Weiter ging es nach Salzburg zum Fernsehsender Servus TV, der zum Imperium seines Sponsors Red Bull gehört. Erst am Dienstag kehrt der Gesamtweltcupsieger in die Schweiz zurück – und kriegt den Ski präsentiert, den Stöckli zu seinen Ehren produziert hat. 1000 Stück dieser Sonderanfertigung kommen im Herbst in ausgewählte Sportgeschäfte, sie alle wurden bereits von Händlern gekauft.

Marco Odermatt, an Anlässen wie diesem mit Ihrem Ausrüster klopfen Ihnen viele auf die Schultern, himmeln Sie an. Ist Ihnen das unangenehm?

Nein, denn diese Leute verstehen den Skisport und wissen, was es für den Erfolg alles braucht. Zudem hat jeder von ihnen einen Anteil am Erfolg, deshalb teile ich das mit ihnen noch lieber.

Müssen Sie sich manchmal selbst sagen, dass es nicht selbstverständlich ist, was Sie gerade erleben?

Ja, sicher. Es ist noch gar nicht bei mir angekommen.
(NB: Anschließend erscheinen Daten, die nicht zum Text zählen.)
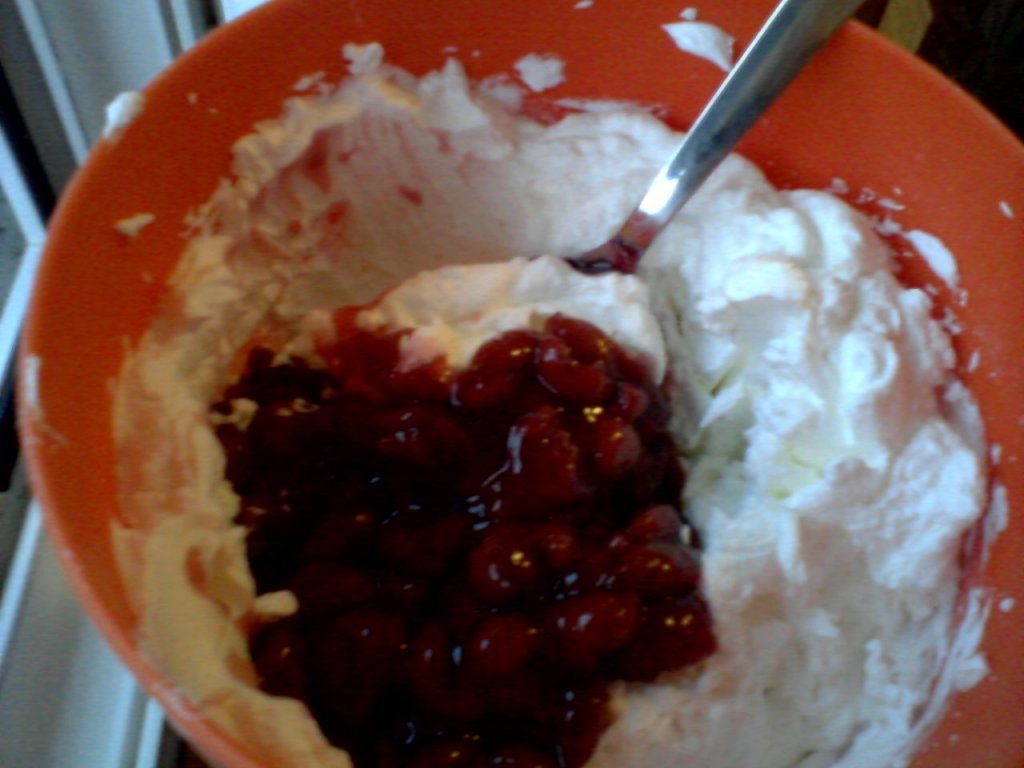 Rulada cu visine, frisca si ciocolata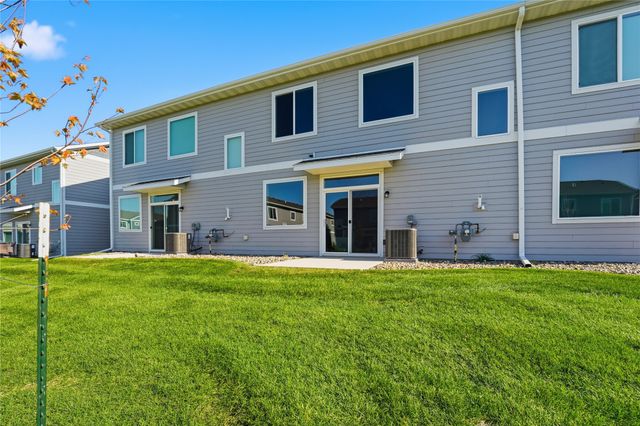 254 NW Waverly Drive, Waukee, IA 50263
Seit Monaten renne ich nur hin und her, nie hatte ich mehr als zwei Tage am Stück frei, seit dem Weltcupfinal war ich noch nicht zu Hause. Ich habe nicht alles realisiert. Aber wenn ich die Zahlen sehe oder ein paar Zusammenschnitte, ist das schon ziemlich verrückt. Am Weltcupfinal bin ich mit all den Kugeln und Medaillen aus dem Zielraum gelaufen, ich konnte sie kaum tragen. Denke ich daran, kriege ich Hühnerhaut.

Neben all den Lobhudeleien: Wer ist Ihr härtester Kritiker?

Es gibt Trainer, die immer alles positiv sehen, und andere, die nach einem Sieg ins Ziel kommen und sagen: «Puh, deine Position auf dem Ski war jetzt aber nicht so gut.» Es ist wichtig, dass ich nicht nur die einen oder die anderen um mich habe. Dann gibt es auch meinen Mitbewohner Gabriel, der sogar alles fast zu sehr herunterspielt. Aber das tut mir ab und zu wohl auch gut.

Sie selbst haben heruntergespielt, was es bedeuten würden, wenn Sie den Punkterekord von Hermann Maier brechen würden.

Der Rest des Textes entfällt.